_TASK DETAILS_. Among these records, which lines include "Download"? Copy them out.

_INFORMATION PROVIDED_.
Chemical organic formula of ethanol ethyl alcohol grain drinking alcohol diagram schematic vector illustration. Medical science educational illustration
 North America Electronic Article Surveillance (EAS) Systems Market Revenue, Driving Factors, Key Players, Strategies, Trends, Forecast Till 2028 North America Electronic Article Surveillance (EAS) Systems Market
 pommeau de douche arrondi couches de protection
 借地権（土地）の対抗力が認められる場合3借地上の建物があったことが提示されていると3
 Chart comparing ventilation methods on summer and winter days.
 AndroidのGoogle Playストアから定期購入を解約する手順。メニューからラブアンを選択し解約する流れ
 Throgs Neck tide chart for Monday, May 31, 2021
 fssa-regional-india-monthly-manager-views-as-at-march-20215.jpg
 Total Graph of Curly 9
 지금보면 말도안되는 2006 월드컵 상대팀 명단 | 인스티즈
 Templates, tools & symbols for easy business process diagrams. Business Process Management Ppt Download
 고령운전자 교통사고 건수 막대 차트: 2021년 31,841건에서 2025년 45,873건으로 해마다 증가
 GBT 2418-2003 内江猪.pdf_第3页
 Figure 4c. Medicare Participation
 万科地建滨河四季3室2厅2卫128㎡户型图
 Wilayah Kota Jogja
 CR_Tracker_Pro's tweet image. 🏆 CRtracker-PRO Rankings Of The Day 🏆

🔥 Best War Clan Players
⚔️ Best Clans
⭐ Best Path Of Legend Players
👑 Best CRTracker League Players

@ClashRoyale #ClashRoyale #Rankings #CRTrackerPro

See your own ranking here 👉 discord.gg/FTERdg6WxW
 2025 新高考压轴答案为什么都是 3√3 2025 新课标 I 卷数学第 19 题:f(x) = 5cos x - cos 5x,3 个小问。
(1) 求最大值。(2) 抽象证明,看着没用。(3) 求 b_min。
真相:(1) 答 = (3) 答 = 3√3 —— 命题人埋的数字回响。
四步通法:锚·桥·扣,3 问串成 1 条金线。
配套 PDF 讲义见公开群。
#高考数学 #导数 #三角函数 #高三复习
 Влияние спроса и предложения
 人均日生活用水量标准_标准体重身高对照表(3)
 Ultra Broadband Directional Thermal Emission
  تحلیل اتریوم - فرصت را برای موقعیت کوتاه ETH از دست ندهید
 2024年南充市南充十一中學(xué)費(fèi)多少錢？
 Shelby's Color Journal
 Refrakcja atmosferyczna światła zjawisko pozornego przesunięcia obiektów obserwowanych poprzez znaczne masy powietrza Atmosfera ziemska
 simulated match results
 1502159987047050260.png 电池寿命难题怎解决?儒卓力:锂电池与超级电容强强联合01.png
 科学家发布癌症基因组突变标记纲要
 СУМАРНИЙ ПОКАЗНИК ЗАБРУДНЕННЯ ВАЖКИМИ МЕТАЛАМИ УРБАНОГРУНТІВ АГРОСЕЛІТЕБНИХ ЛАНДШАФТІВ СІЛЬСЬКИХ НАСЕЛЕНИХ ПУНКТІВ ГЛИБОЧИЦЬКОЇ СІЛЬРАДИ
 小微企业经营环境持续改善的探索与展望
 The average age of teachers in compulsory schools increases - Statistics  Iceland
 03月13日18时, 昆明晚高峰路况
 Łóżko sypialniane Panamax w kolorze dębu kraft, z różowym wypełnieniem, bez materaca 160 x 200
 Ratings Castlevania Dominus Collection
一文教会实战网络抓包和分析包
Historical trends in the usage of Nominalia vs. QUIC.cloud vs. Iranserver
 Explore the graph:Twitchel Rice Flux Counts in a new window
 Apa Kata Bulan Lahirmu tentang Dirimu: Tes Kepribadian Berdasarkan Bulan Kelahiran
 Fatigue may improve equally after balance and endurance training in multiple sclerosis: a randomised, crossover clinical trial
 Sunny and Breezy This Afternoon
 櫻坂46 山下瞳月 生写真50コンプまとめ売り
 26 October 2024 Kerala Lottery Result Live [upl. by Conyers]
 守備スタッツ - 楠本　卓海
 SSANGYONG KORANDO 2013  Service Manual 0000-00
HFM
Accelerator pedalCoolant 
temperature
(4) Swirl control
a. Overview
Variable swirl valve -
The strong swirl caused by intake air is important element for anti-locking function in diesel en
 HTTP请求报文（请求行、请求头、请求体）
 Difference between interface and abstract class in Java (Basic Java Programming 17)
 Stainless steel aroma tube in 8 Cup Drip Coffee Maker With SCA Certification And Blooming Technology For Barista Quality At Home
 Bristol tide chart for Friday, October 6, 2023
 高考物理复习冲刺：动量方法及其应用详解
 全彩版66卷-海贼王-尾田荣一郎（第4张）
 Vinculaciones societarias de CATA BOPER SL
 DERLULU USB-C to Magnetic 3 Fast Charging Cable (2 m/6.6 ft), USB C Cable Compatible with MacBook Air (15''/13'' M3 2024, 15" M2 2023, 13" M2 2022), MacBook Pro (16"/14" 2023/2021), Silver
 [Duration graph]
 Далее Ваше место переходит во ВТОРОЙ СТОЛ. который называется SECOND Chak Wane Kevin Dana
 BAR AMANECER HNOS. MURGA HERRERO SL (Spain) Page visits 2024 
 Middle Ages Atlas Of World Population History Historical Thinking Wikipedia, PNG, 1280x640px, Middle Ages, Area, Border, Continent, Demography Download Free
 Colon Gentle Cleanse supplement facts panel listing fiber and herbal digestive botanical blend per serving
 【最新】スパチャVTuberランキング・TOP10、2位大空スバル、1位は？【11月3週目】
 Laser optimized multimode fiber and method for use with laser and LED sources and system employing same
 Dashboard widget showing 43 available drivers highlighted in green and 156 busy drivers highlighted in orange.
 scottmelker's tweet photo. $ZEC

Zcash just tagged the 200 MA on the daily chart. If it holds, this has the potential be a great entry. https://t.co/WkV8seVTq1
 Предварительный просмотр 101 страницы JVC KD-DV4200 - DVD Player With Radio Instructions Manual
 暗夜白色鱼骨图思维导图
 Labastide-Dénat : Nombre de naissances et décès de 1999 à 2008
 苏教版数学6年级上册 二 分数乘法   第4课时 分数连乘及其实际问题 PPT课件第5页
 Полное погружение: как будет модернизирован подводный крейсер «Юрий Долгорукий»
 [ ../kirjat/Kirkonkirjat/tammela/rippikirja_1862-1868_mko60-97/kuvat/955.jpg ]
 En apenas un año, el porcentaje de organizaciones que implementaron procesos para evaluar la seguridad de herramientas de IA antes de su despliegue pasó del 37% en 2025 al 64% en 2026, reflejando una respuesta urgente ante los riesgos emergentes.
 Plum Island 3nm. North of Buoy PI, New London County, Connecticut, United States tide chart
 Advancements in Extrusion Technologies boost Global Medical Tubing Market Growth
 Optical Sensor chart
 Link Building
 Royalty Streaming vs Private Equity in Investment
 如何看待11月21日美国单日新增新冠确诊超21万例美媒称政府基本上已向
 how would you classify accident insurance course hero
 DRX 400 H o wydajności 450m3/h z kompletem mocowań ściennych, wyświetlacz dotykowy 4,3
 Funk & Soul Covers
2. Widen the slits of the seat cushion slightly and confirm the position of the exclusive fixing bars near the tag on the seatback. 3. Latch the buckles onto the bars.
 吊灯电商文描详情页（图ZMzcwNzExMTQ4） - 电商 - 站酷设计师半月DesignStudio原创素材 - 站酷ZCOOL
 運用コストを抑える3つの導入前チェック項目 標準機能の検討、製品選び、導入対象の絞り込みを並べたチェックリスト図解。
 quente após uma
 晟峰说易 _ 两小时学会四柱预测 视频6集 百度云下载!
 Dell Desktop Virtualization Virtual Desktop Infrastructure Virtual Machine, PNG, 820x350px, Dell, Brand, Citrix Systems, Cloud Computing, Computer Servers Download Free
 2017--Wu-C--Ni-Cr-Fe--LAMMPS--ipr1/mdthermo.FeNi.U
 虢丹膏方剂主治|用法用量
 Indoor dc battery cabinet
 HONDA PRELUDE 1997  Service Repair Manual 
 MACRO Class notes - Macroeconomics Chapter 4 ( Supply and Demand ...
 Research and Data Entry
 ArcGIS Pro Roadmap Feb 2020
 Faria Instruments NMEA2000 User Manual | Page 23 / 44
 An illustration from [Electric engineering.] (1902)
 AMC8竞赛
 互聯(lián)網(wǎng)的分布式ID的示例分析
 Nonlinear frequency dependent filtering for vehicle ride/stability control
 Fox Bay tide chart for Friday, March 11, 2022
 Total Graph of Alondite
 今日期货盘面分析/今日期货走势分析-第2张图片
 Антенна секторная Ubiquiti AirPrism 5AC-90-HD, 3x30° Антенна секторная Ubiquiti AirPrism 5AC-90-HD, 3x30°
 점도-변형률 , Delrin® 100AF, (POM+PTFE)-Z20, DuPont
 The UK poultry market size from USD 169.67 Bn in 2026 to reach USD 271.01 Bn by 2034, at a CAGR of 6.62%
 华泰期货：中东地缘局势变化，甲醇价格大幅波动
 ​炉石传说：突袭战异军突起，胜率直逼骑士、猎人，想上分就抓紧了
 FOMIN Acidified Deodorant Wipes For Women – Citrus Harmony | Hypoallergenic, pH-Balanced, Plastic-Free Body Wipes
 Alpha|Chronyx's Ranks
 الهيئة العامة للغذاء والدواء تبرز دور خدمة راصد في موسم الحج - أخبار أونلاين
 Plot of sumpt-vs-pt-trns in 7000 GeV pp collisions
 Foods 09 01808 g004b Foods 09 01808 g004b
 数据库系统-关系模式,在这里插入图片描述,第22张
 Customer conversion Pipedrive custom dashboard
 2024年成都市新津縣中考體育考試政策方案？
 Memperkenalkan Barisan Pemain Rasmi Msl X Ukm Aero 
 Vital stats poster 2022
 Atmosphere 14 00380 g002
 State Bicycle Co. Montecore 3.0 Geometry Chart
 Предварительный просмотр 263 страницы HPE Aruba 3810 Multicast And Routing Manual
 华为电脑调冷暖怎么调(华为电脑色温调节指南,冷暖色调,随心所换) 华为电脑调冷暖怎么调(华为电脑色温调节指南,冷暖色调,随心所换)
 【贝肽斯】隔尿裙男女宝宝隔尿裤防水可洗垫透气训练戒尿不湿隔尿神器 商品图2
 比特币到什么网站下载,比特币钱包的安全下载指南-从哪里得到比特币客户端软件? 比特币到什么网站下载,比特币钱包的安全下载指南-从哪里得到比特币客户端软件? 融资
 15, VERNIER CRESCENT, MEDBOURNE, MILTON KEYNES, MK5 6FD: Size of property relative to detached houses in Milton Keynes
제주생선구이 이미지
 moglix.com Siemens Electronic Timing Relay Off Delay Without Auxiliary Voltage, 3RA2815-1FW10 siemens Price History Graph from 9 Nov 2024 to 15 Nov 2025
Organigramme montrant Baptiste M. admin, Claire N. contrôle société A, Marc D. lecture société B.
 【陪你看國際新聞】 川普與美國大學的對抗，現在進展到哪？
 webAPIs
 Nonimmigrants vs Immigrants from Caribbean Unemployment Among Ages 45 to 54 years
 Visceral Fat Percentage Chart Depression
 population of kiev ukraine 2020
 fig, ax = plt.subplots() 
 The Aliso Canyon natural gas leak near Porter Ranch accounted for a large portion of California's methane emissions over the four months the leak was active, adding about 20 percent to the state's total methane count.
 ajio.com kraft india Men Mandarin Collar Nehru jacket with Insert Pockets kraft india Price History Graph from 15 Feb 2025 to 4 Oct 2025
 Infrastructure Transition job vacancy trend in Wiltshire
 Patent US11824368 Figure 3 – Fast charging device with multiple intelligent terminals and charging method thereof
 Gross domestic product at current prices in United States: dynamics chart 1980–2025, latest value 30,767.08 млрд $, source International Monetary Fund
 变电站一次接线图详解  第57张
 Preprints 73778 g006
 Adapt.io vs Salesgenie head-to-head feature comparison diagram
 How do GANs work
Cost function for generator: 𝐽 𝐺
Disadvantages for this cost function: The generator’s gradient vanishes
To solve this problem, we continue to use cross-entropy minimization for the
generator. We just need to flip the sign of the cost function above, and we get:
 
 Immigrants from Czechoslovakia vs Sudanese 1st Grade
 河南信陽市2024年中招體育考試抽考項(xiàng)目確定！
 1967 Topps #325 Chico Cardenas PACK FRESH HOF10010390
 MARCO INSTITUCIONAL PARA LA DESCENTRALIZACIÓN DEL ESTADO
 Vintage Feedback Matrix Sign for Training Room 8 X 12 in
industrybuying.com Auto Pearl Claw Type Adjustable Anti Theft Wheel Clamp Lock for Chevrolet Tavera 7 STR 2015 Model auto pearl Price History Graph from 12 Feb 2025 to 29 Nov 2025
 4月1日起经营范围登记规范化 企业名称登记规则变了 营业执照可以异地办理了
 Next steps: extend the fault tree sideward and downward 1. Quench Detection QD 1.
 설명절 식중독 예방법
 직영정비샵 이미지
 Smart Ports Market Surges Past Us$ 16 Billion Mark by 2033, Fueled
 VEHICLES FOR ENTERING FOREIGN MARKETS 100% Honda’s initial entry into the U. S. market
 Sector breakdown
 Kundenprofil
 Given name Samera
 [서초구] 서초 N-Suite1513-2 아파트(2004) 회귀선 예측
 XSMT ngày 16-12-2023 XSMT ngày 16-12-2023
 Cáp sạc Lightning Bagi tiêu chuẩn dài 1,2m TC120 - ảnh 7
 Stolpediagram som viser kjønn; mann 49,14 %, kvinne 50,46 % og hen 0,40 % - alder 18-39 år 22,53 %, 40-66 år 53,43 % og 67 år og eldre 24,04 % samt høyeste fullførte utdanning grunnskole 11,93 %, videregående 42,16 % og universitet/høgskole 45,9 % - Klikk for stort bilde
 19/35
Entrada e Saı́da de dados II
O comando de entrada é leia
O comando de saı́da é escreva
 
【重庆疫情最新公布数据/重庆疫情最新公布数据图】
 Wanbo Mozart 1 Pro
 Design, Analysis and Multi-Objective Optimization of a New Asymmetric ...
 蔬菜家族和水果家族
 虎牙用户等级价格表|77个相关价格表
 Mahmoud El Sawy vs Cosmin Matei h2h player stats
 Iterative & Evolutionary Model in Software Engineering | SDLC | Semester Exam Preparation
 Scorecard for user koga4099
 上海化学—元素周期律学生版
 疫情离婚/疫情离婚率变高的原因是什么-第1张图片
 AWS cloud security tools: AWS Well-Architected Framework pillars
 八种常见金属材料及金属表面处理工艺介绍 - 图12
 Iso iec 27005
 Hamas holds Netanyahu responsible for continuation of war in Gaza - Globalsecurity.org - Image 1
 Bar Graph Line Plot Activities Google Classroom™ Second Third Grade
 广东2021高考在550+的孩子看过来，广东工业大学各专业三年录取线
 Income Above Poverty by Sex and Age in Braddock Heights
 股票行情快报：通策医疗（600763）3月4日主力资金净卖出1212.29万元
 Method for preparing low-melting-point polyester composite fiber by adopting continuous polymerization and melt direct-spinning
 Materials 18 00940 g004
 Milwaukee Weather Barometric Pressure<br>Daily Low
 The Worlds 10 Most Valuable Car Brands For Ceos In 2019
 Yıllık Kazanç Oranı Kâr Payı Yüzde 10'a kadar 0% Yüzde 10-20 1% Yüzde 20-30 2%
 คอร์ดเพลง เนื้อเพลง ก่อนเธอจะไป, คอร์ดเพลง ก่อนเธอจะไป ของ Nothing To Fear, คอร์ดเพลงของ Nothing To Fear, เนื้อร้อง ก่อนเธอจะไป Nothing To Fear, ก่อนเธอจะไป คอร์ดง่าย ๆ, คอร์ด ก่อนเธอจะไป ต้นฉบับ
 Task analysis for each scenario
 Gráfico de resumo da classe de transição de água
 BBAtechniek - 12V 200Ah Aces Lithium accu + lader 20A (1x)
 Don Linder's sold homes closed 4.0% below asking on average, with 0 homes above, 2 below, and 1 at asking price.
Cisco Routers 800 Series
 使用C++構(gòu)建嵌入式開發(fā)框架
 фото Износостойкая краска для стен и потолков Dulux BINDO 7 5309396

_RESPONSE_.
 Templates, tools & symbols for easy business process diagrams. Business Process Management Ppt Download
 Middle Ages Atlas Of World Population History Historical Thinking Wikipedia, PNG, 1280x640px, Middle Ages, Area, Border, Continent, Demography Download Free
 Dell Desktop Virtualization Virtual Desktop Infrastructure Virtual Machine, PNG, 820x350px, Dell, Brand, Citrix Systems, Cloud Computing, Computer Servers Download Free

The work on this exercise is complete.